### Work order
Without any of the pictures, transcribe all the lines below exactly.

#### Data segment ####

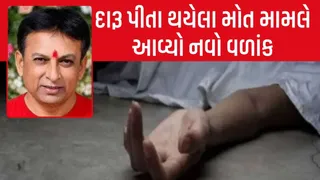 ભાવનગર: લઠ્ઠાકાંડમાં થયેલા મોત મામલે નવો વળાંક, હત્યાનો ગુનો નોંધાયો; મિત્રએ જ પીવડાવ્યો હતો સંતાડેલો ઝેરી દારૂ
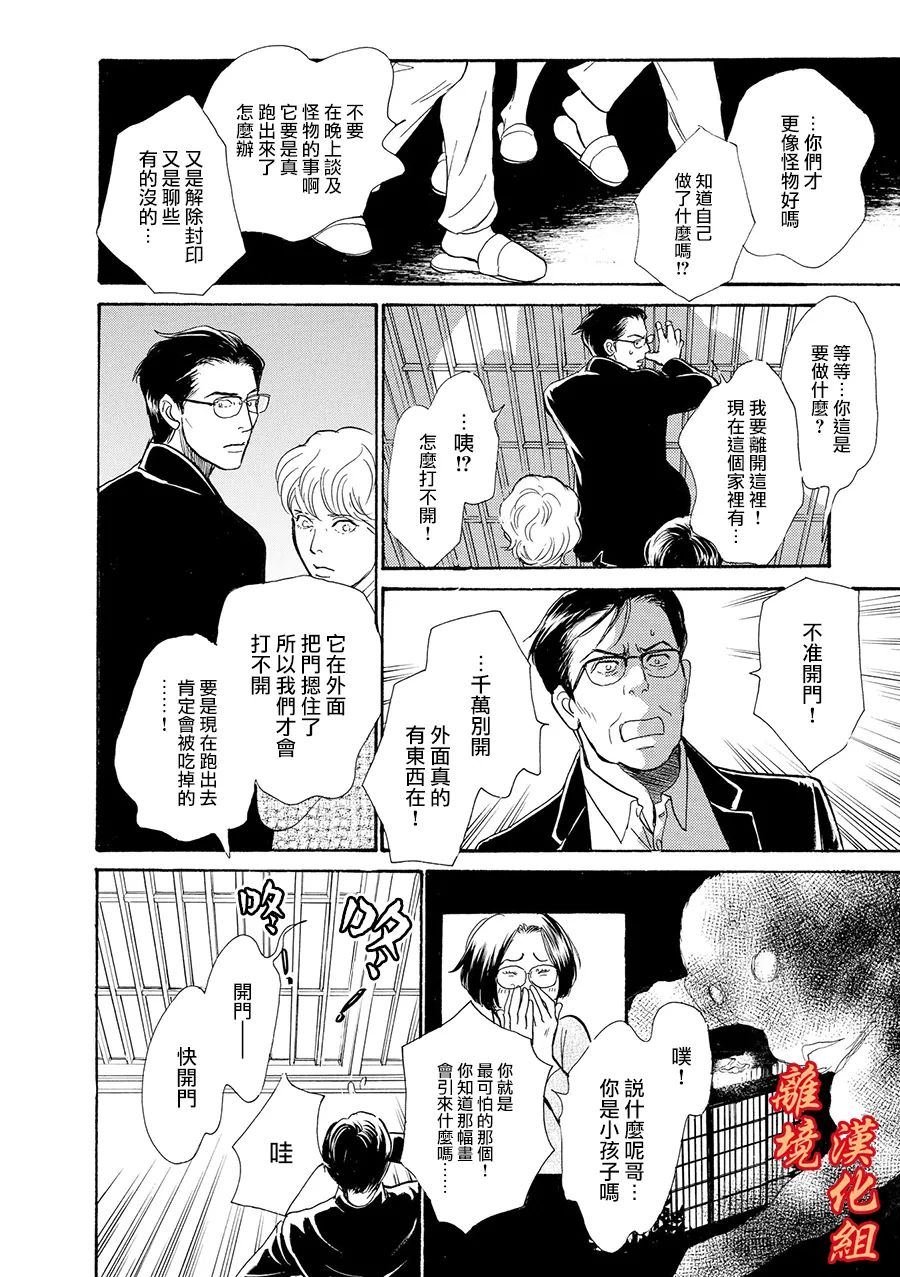 与妖怪们的一夜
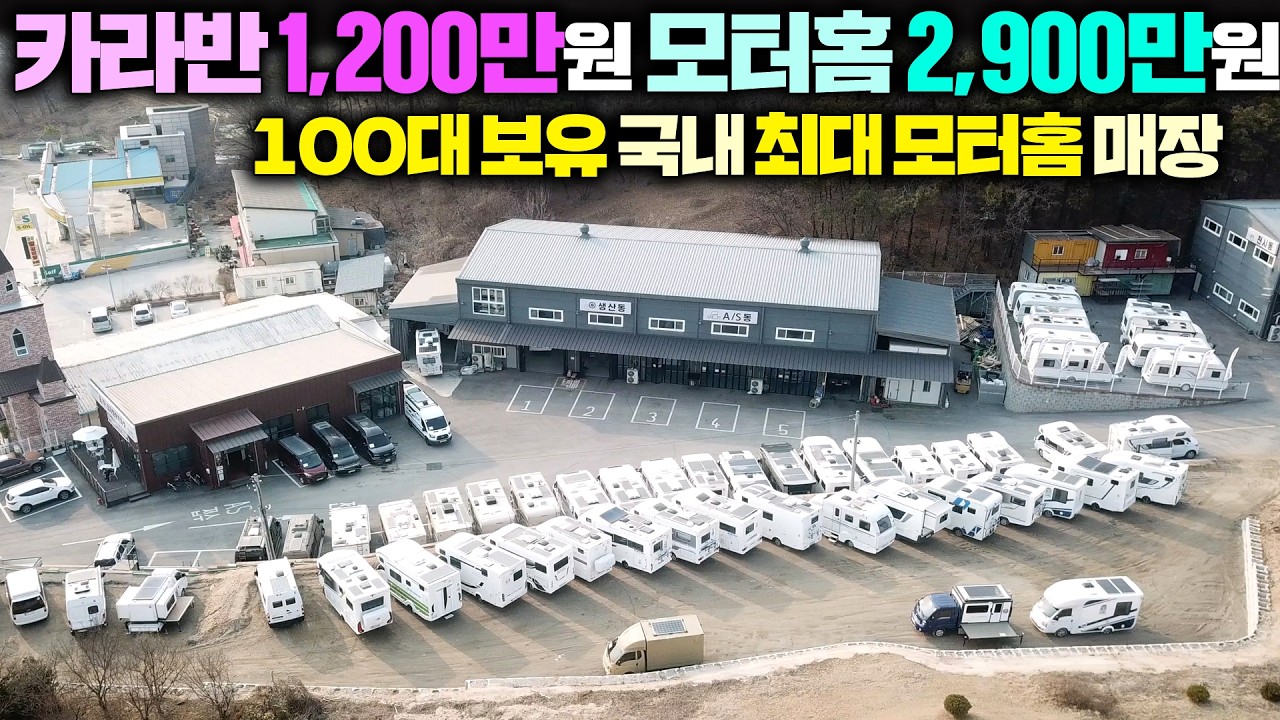 미쳤다 !! 왜 이렇게 싼거에요? 모터홈 카라반 캠핑카 반값에 팔고 계시네요 와~~ #캠핑카#카라반#모터홈#정박형카라반#수입캠핑카#트럭캠퍼#렉스턴캠핑카#코지캠핑카마켓#캠핑카수리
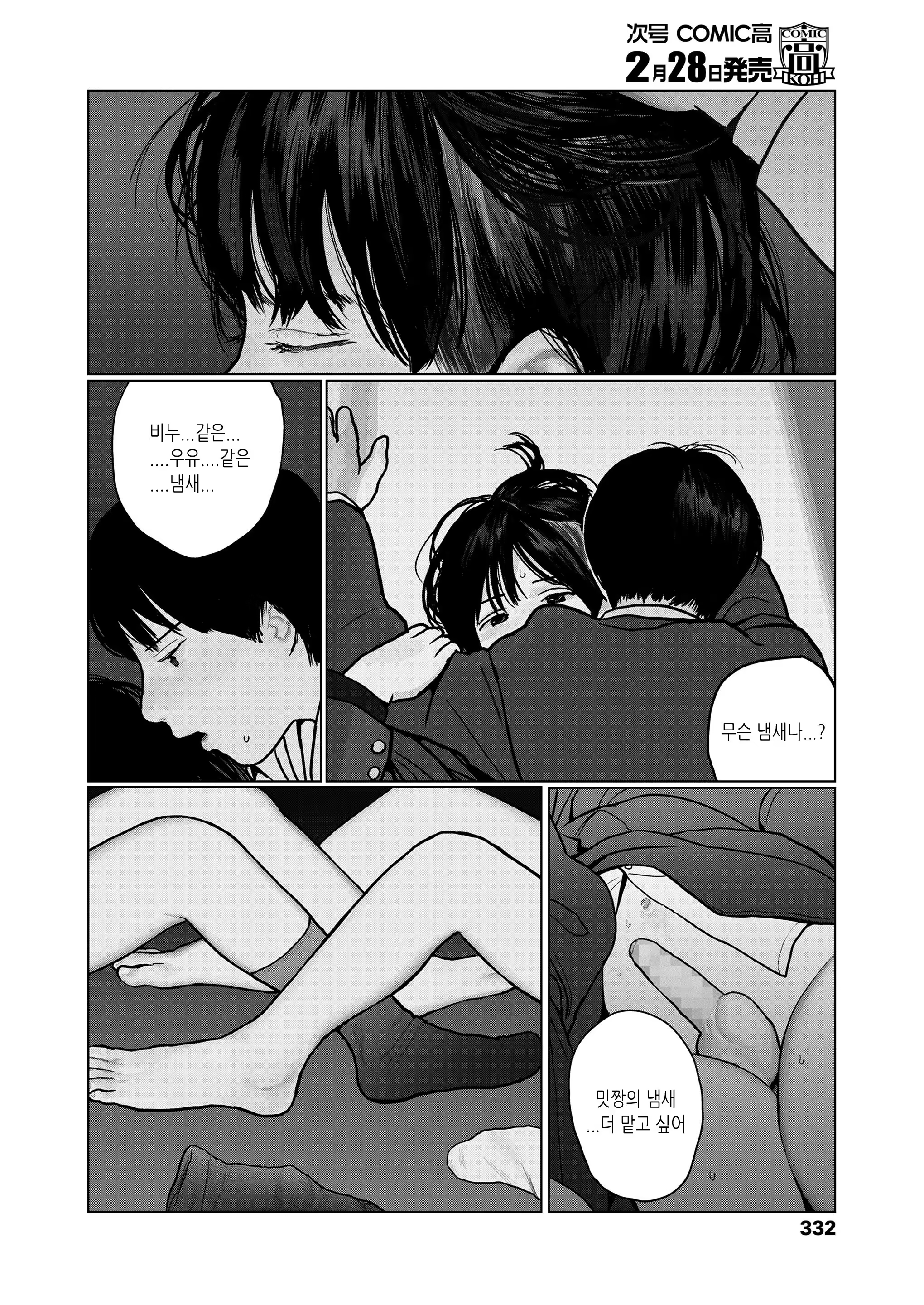 Content 119761 - 14 페이지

####

### Response to this exercise
 ભાવનગર: લઠ્ઠાકાંડમાં થયેલા મોત મામલે નવો વળાંક, હત્યાનો ગુનો નોંધાયો; મિત્રએ જ પીવડાવ્યો હતો સંતાડેલો ઝેરી દારૂ
 与妖怪们的一夜
 미쳤다 !! 왜 이렇게 싼거에요? 모터홈 카라반 캠핑카 반값에 팔고 계시네요 와~~ #캠핑카#카라반#모터홈#정박형카라반#수입캠핑카#트럭캠퍼#렉스턴캠핑카#코지캠핑카마켓#캠핑카수리
 Content 119761 - 14 페이지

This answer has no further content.